Work required:
Look through the records and report how many lines include the word "Collection", with no other words.

(Records drawn from a dataset)
==*==

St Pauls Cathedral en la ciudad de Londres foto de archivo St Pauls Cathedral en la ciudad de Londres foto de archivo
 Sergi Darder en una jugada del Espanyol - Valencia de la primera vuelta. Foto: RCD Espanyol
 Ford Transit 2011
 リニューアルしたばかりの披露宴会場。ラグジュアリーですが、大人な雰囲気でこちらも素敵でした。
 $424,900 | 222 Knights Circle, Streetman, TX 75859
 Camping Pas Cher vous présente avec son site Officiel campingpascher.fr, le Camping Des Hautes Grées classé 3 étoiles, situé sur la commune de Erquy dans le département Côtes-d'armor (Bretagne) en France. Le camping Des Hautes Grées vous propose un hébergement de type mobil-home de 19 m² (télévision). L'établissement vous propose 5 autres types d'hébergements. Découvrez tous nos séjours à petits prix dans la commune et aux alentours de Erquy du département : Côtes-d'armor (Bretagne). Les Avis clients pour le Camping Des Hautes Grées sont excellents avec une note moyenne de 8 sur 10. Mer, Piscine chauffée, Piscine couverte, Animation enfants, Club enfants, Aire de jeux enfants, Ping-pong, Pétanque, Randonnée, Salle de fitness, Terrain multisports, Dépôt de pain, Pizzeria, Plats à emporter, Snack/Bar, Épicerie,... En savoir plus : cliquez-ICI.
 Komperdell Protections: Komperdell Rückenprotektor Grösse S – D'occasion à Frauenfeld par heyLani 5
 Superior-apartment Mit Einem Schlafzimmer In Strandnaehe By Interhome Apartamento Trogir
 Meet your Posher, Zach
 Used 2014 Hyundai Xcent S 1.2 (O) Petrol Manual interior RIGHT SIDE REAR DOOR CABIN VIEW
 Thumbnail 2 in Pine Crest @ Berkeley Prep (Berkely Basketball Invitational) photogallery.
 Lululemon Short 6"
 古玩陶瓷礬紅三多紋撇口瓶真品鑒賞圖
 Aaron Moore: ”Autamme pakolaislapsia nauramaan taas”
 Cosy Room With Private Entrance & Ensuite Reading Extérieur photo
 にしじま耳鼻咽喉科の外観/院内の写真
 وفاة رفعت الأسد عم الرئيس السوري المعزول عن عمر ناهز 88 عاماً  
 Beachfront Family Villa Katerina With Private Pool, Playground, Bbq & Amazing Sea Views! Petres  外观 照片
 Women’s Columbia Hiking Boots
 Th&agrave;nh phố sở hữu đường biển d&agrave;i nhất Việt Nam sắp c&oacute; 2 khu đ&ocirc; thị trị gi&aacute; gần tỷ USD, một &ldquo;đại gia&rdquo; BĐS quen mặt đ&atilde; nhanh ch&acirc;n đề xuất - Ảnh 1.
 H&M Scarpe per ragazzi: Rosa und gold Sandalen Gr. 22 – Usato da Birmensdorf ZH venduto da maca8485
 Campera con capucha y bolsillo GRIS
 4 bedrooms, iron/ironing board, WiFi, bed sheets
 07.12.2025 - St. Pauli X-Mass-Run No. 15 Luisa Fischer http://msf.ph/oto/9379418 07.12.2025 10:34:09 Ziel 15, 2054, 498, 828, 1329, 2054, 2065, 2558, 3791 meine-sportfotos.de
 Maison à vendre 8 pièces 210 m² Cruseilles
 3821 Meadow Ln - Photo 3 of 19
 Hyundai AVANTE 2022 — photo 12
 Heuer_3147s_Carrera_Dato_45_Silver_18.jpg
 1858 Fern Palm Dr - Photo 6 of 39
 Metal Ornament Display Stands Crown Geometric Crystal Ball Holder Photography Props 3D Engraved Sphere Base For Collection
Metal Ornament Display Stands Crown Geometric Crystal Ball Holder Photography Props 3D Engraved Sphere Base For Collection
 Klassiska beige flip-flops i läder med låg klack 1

==*==

Completed task:
2